MATERIAL SUPPLIED Block Start
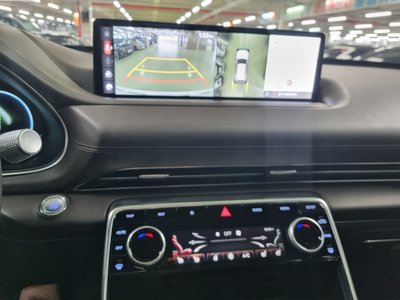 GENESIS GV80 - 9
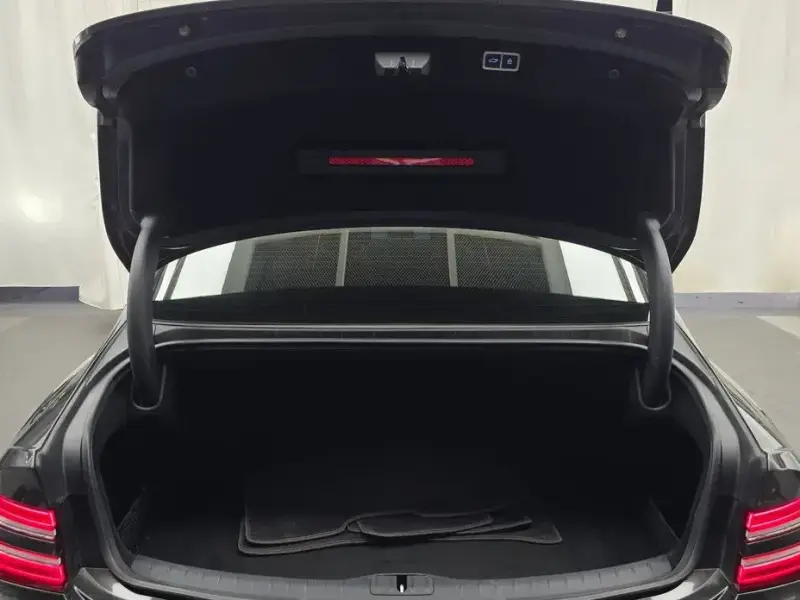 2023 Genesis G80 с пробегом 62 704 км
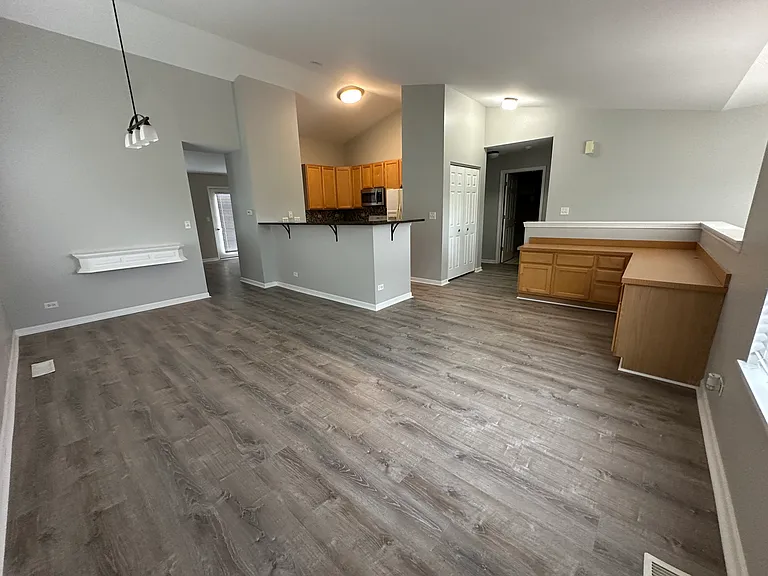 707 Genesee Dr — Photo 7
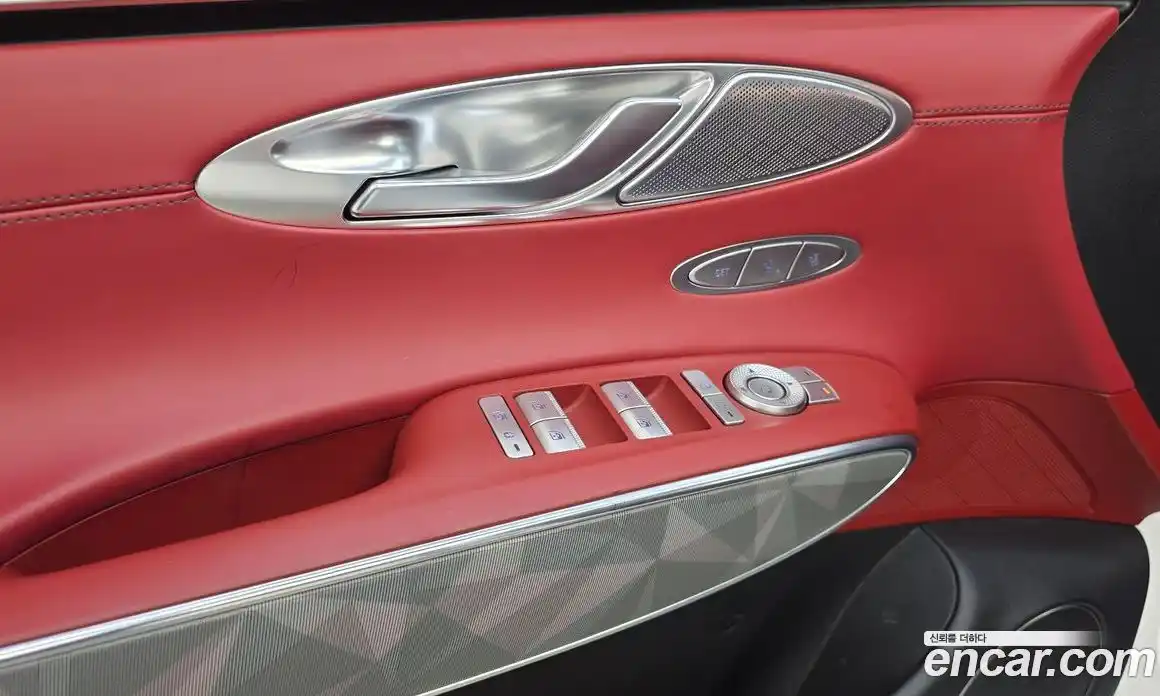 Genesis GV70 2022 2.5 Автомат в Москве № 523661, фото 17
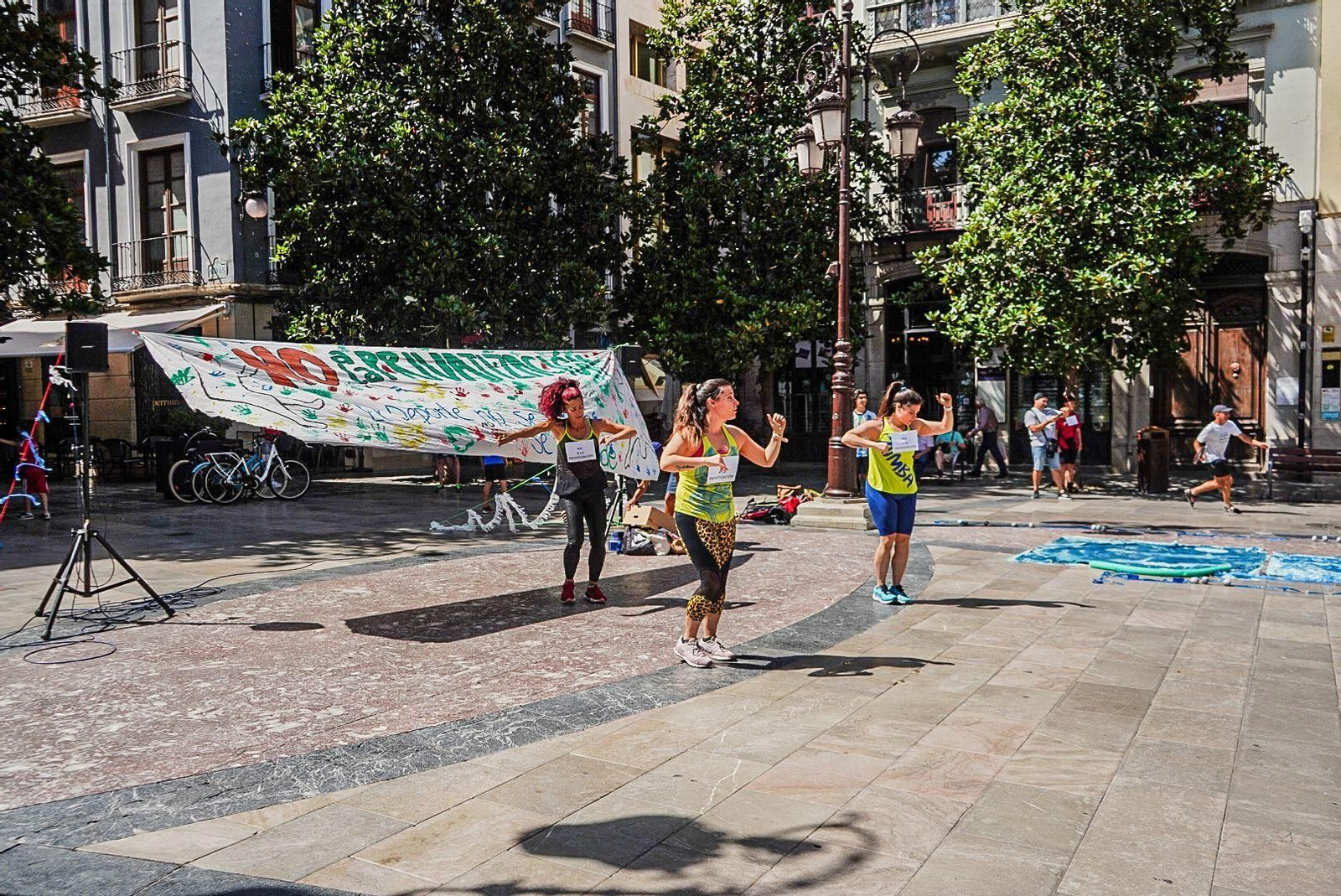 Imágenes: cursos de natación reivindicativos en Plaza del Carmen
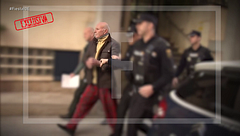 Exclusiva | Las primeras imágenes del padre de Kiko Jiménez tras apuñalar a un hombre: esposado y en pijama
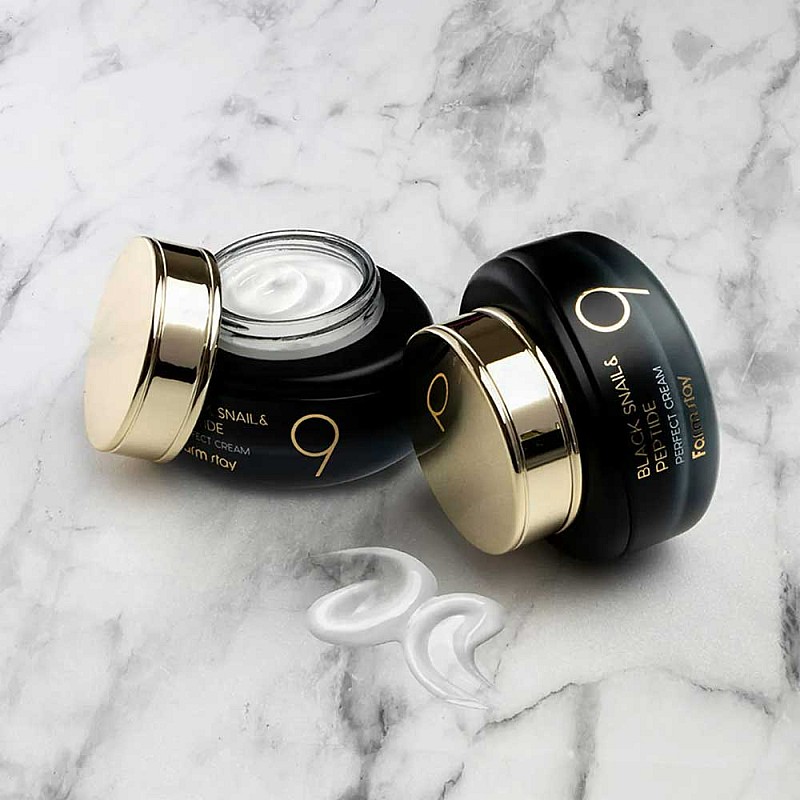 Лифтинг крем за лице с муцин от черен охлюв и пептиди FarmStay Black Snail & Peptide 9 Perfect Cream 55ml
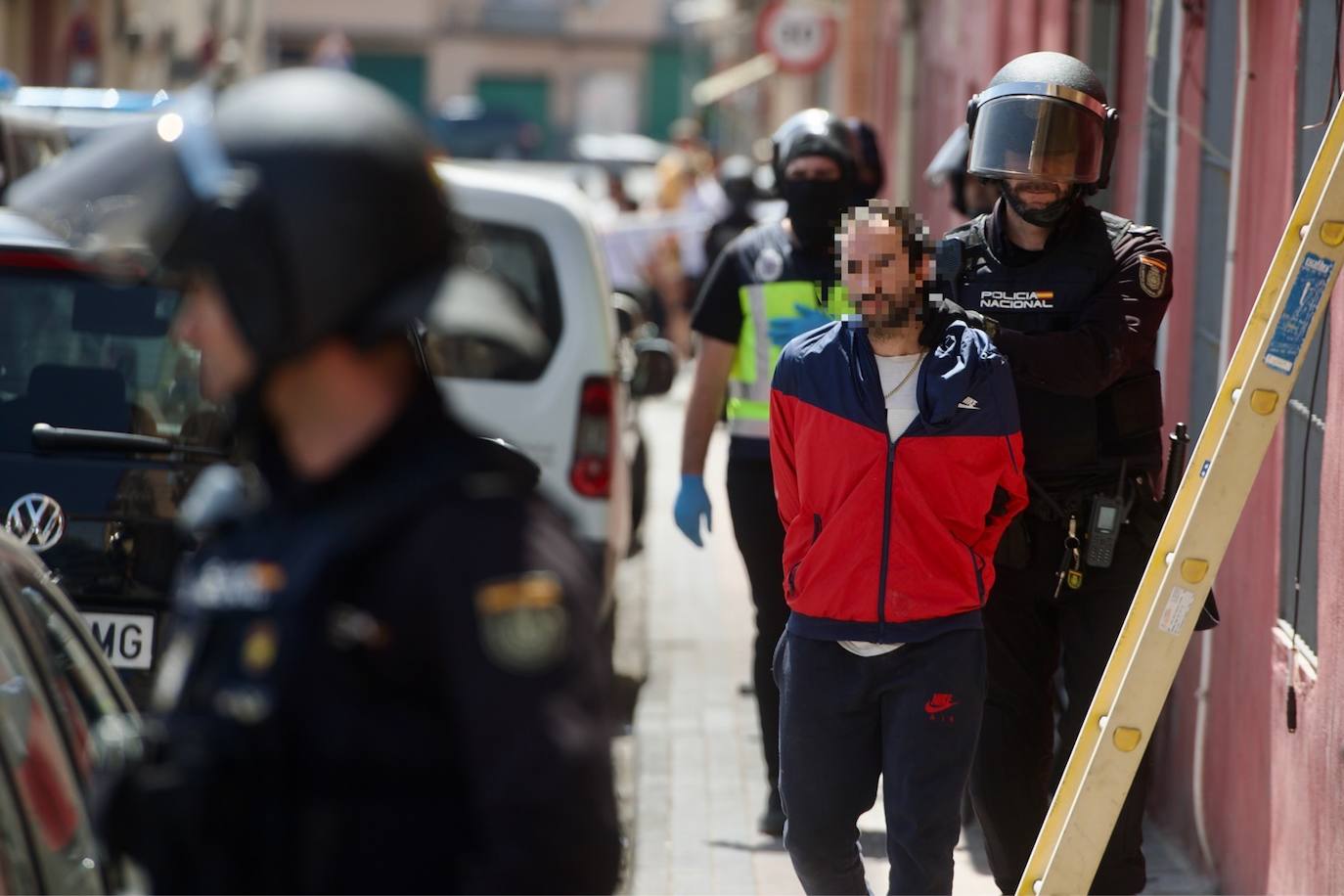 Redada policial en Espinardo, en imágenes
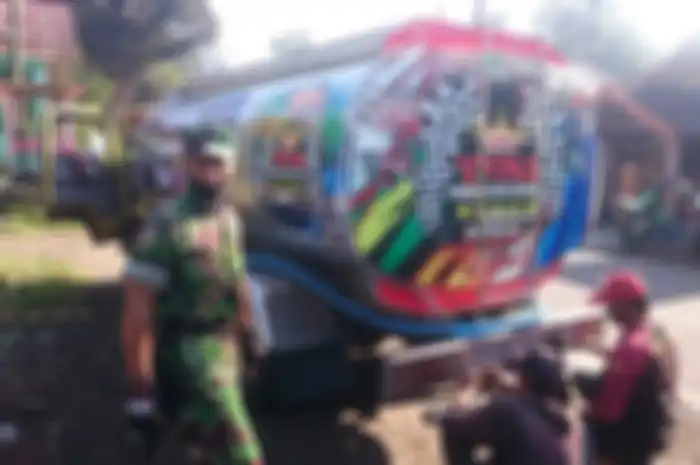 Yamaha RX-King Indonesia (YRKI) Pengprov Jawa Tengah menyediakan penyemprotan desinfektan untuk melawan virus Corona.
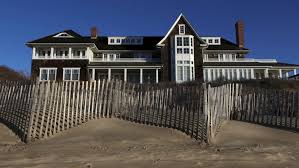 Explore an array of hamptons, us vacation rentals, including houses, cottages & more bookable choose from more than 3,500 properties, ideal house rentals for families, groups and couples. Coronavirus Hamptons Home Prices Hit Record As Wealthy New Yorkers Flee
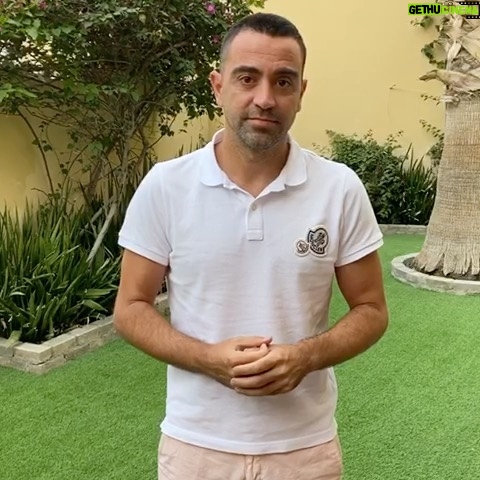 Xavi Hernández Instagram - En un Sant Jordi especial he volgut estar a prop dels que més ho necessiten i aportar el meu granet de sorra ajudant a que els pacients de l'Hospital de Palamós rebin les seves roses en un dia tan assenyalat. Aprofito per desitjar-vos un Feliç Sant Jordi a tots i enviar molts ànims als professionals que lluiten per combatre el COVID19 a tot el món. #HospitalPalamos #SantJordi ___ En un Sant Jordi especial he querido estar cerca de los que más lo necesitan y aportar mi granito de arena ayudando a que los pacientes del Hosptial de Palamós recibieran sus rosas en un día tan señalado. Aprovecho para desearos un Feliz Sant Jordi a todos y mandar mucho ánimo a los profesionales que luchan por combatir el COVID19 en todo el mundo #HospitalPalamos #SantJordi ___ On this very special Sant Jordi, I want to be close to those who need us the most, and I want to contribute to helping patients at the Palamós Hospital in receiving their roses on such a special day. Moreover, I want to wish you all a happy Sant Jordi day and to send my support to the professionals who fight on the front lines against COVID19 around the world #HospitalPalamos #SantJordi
MATERIAL SUPPLIED Block End
WHAT TO PRODUCE.
From the first line of the records down through the line containing "Exclusiva | Las", transcribe exactly those lines and no others, both ends kept, pictures dropped.

REPLY TO THE TASK.
 GENESIS GV80 - 9
 2023 Genesis G80 с пробегом 62 704 км
 707 Genesee Dr — Photo 7
 Genesis GV70 2022 2.5 Автомат в Москве № 523661, фото 17
 Imágenes: cursos de natación reivindicativos en Plaza del Carmen
 Exclusiva | Las primeras imágenes del padre de Kiko Jiménez tras apuñalar a un hombre: esposado y en pijama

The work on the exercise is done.